Food affordability in Accra, Ghana
Felix Nyamedor, Accra City Community Manager
The food security situation in Accra is a major concern to the government, civil society organisations, and development partners. Food security covers availability, accessibility, ultilisation, production, and affordability of food as classified by the Food and Agriculture Organisation (FAO). This article looks specifically at food affordability in Accra, as the price of food poses problems to more than half of the city's population.
Though Accra is a coastal city, the limited production of crops and fishing provides for only a quarter of the population, so the city depends on transported food from the outskirts of Ghana. The cost of transporting food has raised the cost of food so much that the average person in Accra finds it difficult to eat a balanced three square meals a day. Over-fishing has resulted in dwindling catches that fail to meet residents' protein needs. The large youth population causes a high dependency ratio, which increases the average household expenditure on food. Many former farmers are those who migrated to Accra, increasing the demand for food in the city while also reducing available labour for food production in the countryside. Climate change and over-dependence on rain irrigation are other significant contributors to the food production, and therefore affordability challenges.

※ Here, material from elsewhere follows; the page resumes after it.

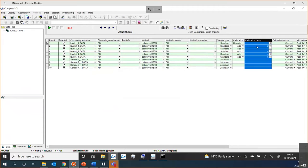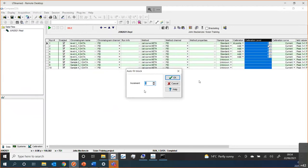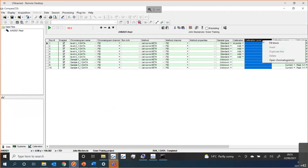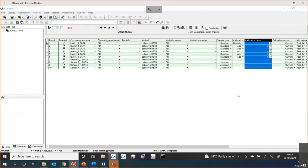I could go down the list adding each one, but that becomes problematic with a long list. When my mouse changes from a left-pointing to a right-pointing pointer, it allows me to just select items on the list. I can then right-click and choose Fill Block to update all the highlighted ones. For the calibration level column, right-clicking gives me an increment option — I want an increment of one — and it will add that to my list.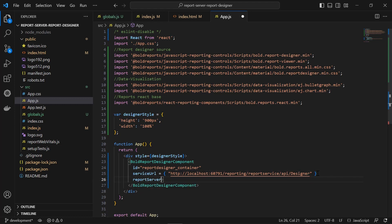Next, I add the report server URL. It specifies the server name and site information. The format is: http://[report-server-name]/reporting/api/site/[site-name]. I set the report server name as localhost along with the port number. Site/site1 represents the site from which I am going to load the report in the control. Since I load the designer control from site1, I specify site/site1. You can specify your own.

The current depreciation of the Ghanaian Cedi compared to other major currencies has worsened the price index of imported foods. Prices of imported foods like sardines, rice, and oil have increased more than 10 percent in the beginning of 2014 alone. There is therefore the need to increase local production of food while limiting imports.
The Ministry of Food and Agriculture and the Accra Metropolitan Assembly are working to ensure that opportunities are created for actors along the production-to-marketing chain of food production. This is done through trainings on processing techniques of perishable food items to help reduce post-harvest losses in rural areas for transportation to the cities. The livestock industry is promoted through the Livestock Development Project to avail quality and affordable meat products for consumption to meet residents' protein needs and to help promote home gardening in the metropolis to augment household needs. The government of Ghana also developed a motivation package with the Youth In Agriculture programme to motivate young people to counteract the ageing farmer population in order to facilitate sustainability in agriculture production. The average age of farmers in Ghana is 55 years old, and life expectancy averages between 55 and 60 years. The program also aims to promote urban food production through technological innovations. The challenge of this policy has been its implementation.
One organisation that is also promoting urban agriculture and the affordability of quality agriculture produce for urban residents is the Resource Centres on Urban Agriculture and Food Security, the RUAF Foundation. The RUAF Foundation provides crops and vegetable sales points called CitiVeg points all across the city for easy accessibility and affordability.
Moreover, the FAO in Ghana is helping provide technical support to promote urban agriculture and ensure the availability of quality and affordability food to meet the MDG targets on food security for Ghana.